Nevertheless, I could never get excited about open access. I find it annoying that I cannot download papers freely, but astrophysicists have already solved this problem without any government intervention or lawsuit. Indeed, nearly all recent astrophysics papers are on arXiv. What matters is the culture: physicists care about being read, they love the web. In this sense, open access is a short-sighted fight.

Thus, a much more significant vision is Nielsen’s open science. Michael Nielsen is arguing for a culture shift in science: from a science obsessed with individual performance (and publications) to a science culture resembling more that of open source software or wikipedia.

I fear however that despite all the (well deserved) press that Michael Nielsen’s latest book has been getting, too few people understand the importance of this shift. It is not about becoming hippies. It is not a socialist utopia. On the contrary, the system we have right now is akin to an highly regulated industry. All power is in the hands of the government and a few large organizations (universities, publishers) working in tandem. The barrier to entry is maintained artificially high. Open science is really about creating “open markets” with freer exchanges. It has the potential to boost our collective productivity by orders of magnitude through the removal of unneeded friction.

Meanwhile, American corporations are concerned with copyright violations on the Internet. Thus, they are pushing a bill, the Stop Online Piracy Act (SOPA) which would allow the government to shut down web site that is suspected of violating copyright. Using SOPA, a publisher could have a repository of research papers shut down. While at it, the publishers are also promoting a bill, the Research Works Act which would make it illegal for government agencies to require open access from publicly funded researchers.

If you are one of the thousands of members of the Association for Computing Machinery (ACM) or the Institute of Electrical and Electronics Engineers (IEEE), then you are indirectly supporting this new legislation. Indeed, the ACM and IEEE are members of the Association of American Publishers (AAP). The AAP is a lobbyist for both proposals.

And we finally get a hint at why it is so hard it is to open up science: the business of science has become intertwined with businesses like the publishing business. ACM has to speak both as an association of computing professionals, and as a publishing house.

What should be a critical support service, the publication of results, ends up driving much of our culture. The journals become the science. The medium becomes the message.

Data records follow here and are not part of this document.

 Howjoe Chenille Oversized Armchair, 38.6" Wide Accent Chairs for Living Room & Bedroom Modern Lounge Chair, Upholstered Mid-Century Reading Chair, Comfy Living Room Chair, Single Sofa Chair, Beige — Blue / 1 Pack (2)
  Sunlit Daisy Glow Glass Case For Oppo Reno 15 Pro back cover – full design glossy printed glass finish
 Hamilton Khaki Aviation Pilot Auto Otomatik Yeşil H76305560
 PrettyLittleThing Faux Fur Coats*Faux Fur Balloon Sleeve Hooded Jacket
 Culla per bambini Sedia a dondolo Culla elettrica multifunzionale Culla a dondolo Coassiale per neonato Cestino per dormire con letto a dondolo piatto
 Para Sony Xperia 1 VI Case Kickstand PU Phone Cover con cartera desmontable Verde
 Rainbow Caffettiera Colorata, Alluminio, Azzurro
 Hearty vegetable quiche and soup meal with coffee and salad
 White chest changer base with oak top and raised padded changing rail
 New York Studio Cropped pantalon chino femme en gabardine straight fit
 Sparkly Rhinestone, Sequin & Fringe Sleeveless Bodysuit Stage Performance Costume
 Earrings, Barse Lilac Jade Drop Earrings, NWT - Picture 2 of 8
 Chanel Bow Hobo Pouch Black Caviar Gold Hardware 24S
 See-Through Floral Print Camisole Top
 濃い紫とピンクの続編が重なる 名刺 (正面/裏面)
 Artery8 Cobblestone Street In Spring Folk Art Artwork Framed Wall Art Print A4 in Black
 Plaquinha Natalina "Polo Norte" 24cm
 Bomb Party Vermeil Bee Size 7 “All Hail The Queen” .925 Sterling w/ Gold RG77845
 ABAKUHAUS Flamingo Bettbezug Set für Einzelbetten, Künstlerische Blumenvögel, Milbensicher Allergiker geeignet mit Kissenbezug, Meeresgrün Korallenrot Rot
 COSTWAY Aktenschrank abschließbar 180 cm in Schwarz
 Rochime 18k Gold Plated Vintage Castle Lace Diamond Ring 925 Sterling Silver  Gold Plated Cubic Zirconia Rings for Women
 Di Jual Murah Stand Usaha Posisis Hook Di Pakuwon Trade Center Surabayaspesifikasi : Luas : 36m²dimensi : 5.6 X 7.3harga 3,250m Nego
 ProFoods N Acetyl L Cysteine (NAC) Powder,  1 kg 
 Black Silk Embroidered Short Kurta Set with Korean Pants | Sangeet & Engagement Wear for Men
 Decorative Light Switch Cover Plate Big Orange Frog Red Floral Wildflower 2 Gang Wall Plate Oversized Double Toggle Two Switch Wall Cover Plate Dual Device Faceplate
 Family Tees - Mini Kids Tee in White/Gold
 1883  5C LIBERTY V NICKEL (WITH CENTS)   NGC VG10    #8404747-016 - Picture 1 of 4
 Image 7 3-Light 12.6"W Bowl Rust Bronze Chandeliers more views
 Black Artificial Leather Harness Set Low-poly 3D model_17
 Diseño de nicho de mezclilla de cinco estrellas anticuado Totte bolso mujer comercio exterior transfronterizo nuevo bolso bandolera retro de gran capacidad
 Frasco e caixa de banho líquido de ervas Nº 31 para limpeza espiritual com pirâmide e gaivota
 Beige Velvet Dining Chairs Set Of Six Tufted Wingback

In effect, we have too much organizational scarring tissue in science. It could be that we need to reboot the system. As a starting point, we should collectively recognize the problem. Repeat after me: scholarship is not a publishing business.

Further reading:

Update:

The ACM charges the authors of any conference for the publication of proceedings. However, they do not require payment for publishing in their journals: instead they request page charges.